Lizzie rocked back and forth in her chair. She heard Emma downstairs talking to Bridget, the maid, their voices thundering echoing in her migraine, and then the kitchen door opened and closed. A chill ran up Lizzie’s legs. The winter outside was a raw one, and the lick of cold air flew through the house, up the stairs and under her door in an instant.

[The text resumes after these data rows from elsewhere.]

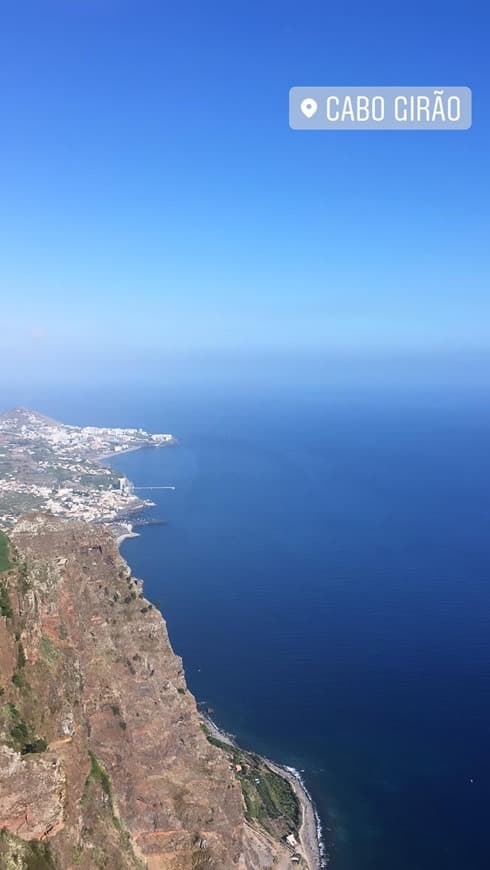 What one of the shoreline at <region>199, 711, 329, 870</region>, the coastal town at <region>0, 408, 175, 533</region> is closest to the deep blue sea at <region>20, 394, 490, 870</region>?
the shoreline at <region>199, 711, 329, 870</region>

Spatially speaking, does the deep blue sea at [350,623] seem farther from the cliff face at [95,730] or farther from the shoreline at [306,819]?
the cliff face at [95,730]

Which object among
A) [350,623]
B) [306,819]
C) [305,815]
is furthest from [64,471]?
[306,819]

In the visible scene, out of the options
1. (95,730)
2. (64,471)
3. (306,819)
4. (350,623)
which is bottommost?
(306,819)

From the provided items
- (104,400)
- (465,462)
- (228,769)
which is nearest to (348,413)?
(465,462)

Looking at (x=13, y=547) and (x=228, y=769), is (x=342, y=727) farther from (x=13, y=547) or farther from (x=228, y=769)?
(x=13, y=547)

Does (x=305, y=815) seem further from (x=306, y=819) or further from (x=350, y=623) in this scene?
(x=350, y=623)

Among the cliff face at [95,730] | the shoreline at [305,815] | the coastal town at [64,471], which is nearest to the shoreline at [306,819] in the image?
the shoreline at [305,815] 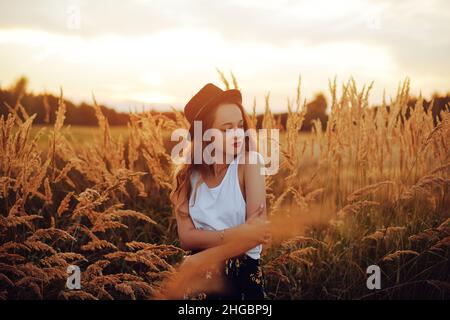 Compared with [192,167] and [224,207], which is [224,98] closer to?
[192,167]

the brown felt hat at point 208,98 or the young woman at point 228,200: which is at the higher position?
the brown felt hat at point 208,98

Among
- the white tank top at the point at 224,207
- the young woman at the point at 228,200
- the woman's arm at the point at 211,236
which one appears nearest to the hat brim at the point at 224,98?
the young woman at the point at 228,200

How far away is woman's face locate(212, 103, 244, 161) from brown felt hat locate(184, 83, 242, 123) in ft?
0.11

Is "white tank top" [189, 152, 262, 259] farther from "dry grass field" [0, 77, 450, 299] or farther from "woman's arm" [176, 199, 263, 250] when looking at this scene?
"dry grass field" [0, 77, 450, 299]

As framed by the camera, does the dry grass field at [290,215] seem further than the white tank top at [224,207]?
Yes

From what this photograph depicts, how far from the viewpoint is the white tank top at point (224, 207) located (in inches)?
84.1

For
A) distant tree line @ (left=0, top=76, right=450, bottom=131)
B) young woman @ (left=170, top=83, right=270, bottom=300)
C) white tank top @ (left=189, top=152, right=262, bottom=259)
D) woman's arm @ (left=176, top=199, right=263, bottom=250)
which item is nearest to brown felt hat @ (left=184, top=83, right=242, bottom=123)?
young woman @ (left=170, top=83, right=270, bottom=300)

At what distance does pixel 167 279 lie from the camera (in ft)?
7.86

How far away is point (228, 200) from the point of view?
2.14 metres

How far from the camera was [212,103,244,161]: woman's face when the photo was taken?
216 cm

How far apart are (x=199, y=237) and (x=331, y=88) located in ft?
5.24

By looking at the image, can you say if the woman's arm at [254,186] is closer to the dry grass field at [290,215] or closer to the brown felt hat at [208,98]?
the brown felt hat at [208,98]

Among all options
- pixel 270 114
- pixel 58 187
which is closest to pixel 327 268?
pixel 270 114

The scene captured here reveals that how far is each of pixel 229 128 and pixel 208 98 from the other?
21 cm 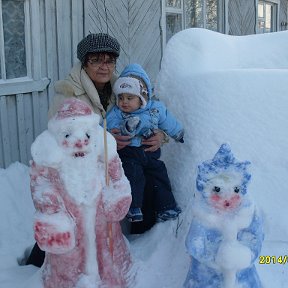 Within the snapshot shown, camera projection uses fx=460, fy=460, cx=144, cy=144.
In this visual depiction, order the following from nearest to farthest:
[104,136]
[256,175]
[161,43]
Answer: [104,136] → [256,175] → [161,43]

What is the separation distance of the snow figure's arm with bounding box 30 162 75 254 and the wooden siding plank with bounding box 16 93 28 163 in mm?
2293

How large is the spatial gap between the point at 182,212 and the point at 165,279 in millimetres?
477

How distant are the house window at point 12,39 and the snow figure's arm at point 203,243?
289 cm

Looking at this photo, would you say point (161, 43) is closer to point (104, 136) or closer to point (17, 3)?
point (17, 3)

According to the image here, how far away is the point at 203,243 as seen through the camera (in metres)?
1.97

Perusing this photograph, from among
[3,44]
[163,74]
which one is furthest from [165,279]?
[3,44]

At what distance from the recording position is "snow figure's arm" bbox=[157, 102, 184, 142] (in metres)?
2.84

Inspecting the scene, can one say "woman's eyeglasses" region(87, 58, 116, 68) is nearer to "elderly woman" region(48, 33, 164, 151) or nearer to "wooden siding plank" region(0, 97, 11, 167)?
"elderly woman" region(48, 33, 164, 151)

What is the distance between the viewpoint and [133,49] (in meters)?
5.85

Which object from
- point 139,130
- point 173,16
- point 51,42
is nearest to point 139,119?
point 139,130

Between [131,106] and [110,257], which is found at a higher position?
[131,106]

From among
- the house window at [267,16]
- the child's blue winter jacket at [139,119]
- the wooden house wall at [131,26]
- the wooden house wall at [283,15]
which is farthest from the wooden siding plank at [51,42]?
the wooden house wall at [283,15]

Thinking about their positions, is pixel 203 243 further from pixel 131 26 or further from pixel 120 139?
pixel 131 26

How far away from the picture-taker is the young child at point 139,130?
269 centimetres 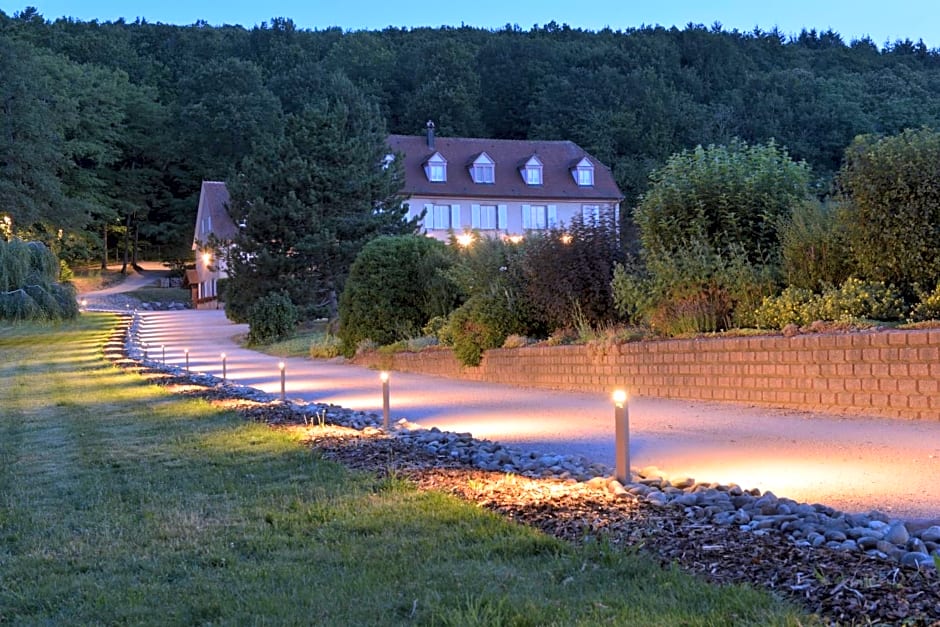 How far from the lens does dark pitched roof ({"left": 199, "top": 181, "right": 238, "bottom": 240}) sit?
6253cm

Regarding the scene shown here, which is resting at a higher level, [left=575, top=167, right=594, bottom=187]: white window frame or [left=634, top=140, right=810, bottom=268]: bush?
[left=575, top=167, right=594, bottom=187]: white window frame

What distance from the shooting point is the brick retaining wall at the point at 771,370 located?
33.1ft

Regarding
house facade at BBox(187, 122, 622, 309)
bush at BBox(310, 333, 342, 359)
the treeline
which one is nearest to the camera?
bush at BBox(310, 333, 342, 359)

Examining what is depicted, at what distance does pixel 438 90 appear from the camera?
75.8 m

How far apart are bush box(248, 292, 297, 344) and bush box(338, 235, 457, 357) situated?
9.93 m

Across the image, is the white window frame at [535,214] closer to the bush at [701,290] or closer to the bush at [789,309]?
the bush at [701,290]

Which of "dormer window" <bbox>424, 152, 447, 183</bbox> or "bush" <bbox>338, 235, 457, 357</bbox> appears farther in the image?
"dormer window" <bbox>424, 152, 447, 183</bbox>

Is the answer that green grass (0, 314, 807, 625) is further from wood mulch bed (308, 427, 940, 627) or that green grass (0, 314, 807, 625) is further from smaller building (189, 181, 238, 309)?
smaller building (189, 181, 238, 309)

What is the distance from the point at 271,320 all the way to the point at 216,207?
33.3 meters

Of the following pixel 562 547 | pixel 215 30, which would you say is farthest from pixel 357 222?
pixel 215 30

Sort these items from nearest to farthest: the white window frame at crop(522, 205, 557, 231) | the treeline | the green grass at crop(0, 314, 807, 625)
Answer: the green grass at crop(0, 314, 807, 625) < the white window frame at crop(522, 205, 557, 231) < the treeline

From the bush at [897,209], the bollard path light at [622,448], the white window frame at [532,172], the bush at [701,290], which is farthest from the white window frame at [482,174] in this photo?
the bollard path light at [622,448]

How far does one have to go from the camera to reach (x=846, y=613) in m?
3.87

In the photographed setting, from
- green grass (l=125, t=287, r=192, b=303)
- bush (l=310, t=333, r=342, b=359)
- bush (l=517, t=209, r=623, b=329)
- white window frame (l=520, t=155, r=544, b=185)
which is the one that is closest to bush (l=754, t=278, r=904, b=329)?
bush (l=517, t=209, r=623, b=329) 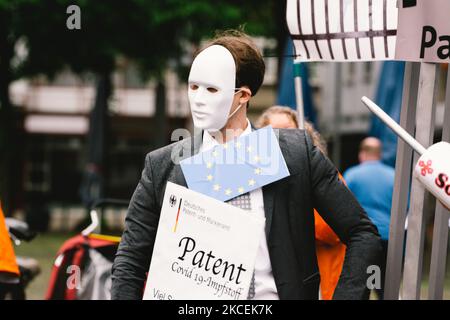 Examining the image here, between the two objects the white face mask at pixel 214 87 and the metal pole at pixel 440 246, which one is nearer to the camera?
the white face mask at pixel 214 87

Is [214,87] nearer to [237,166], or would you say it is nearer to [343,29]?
[237,166]

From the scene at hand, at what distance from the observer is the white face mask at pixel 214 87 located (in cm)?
303

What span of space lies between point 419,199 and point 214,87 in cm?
106

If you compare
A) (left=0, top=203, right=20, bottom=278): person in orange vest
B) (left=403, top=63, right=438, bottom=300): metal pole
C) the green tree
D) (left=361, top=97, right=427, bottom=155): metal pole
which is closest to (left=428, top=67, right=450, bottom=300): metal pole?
(left=403, top=63, right=438, bottom=300): metal pole

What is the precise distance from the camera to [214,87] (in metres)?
3.04

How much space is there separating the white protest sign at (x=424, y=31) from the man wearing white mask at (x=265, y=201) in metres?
0.74

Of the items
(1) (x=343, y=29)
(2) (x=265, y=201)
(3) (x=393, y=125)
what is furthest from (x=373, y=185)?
(2) (x=265, y=201)

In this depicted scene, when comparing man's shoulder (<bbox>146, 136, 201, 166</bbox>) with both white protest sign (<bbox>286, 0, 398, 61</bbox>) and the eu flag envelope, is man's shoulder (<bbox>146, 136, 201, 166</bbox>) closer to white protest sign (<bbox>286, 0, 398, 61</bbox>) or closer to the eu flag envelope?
the eu flag envelope

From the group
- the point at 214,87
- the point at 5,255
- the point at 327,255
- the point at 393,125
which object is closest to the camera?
the point at 214,87

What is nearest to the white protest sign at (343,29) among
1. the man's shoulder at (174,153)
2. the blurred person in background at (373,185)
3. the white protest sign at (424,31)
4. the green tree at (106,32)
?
the white protest sign at (424,31)

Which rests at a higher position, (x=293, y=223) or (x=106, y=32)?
(x=106, y=32)

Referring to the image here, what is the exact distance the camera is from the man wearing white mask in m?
2.84

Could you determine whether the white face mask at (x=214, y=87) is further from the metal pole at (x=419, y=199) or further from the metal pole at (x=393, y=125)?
the metal pole at (x=419, y=199)
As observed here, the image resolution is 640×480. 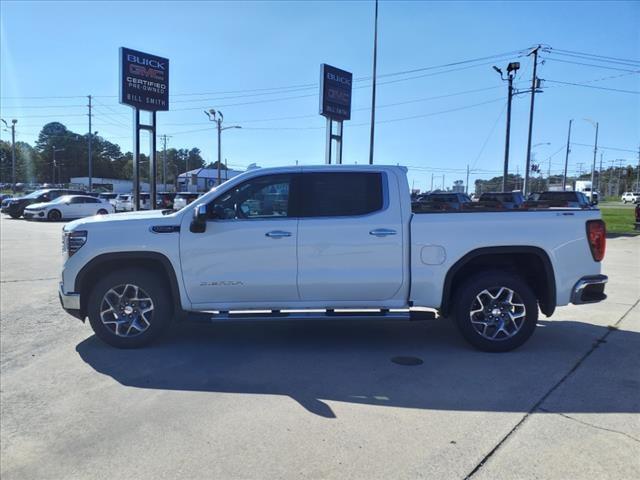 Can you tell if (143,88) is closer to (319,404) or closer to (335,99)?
(335,99)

Emma’s cooking sounds began. Lizzie shivered.
Lizzie wanted to go into her father’s room and comfort him, she wanted to yell at him, she wanted to ask him why, gently and tenderly, and hope for a rational, reasonable answer.
She wanted to go downstairs and throw something at Emma, she wanted to sit at the kitchen table and sympathize with her, plan retaliation toward their father for his actions. She wanted to leave this house, move to a new town, adopt a new identity, where no one would know she was even remotely related to Emma and Andrew Borden, and begin a new life, teaching, perhaps. Wearing peach colored clothing.
The lure of the freedom was delicious to contemplate, but she had lived in this house for twenty-six of her thirty-one years and would grow old in it, probably. Her family was too important, and anyway, women did not just run off, leaving their elderly parents to strike out on their own.
Besides, she had no money. And—so it would appear, if Abby Borden had her way—she would never have money. No money of her own, at least. She and Emma would forever be dependent upon the graces of their stepmother and her family.
Lizzie rocked, empathizing with Emma’s fury, yet unable to fabricate fury of her own. There had been too many years of understanding, too many years of mediating, too many years of loving the man who held her hostage. It was easier to ignore. It was easier to have no opinion.
It was easier to be crippled by a headache.